Nothing else there 23

Chapter 23

Apr 17, 2026

The drive home is quiet where the silence has a texture and both people can feel it.

Nick glances at me periodically while I keep looking out the window.

At the apartment I go straight to the kitchen to prepare the dinner. Cutting board, onion, knife. I start chopping in even strokes, focusing on the sound.

Nick puts his keys on the shelf and takes off his jacket, standing in the kitchen doorway and watching me. “Aria. You haven’t said a word since we left the office.”

I chop and the onion splits clean. “I’m making dinner.”

“You’re punishing an onion.” He steps into the kitchen. “Something happened after I went into my office. What did Camille say?”

The knife stops and I set it down and turn around and lean against the counter with my arms crossed. “She told me about the will.”

His face changes — not a lot, just the eyes, just enough.

“She told me about Benjamin’s condition. The inheritance. Whoever produces a grandson first gets the company.” I watch his face and I don’t look away. “And then she looked at my stomach, Nick.
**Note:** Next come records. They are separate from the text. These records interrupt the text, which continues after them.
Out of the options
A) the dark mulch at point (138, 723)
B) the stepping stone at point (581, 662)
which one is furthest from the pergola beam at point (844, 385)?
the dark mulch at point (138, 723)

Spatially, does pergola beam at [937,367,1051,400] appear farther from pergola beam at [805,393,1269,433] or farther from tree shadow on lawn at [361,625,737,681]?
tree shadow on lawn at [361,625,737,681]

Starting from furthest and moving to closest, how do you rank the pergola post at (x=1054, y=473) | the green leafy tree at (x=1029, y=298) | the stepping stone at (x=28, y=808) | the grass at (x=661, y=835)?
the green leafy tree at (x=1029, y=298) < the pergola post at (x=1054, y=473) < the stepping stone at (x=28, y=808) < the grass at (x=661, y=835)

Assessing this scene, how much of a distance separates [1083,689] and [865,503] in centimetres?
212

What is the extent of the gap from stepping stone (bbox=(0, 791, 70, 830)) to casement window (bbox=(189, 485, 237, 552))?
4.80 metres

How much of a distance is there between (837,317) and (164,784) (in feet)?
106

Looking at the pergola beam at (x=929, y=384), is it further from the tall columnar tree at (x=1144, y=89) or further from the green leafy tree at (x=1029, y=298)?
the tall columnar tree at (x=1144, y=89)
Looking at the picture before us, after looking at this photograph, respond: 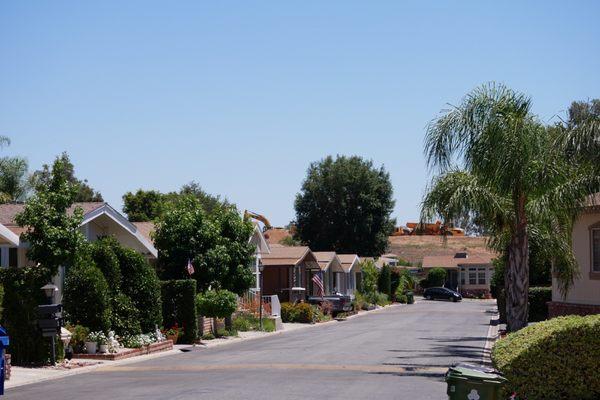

She looked at my stomach and asked if I’d put on weight.”

He opens his mouth but I don’t let him fill it.

“And you know what’s funny? The math.” I’m smiling the wrong kind of smile. “I told you about the twins, two boys. And then you propose. So convenient…”

“That’s not what happened.” His voice has dropped.

“No? Because the timeline is really clean, Nick.” My hands are gripping my own arms and my nails are digging into the sleeves. “I say twins, you say marry me. His ex-wife, pregnant with two grandsons, and you just swooped in.”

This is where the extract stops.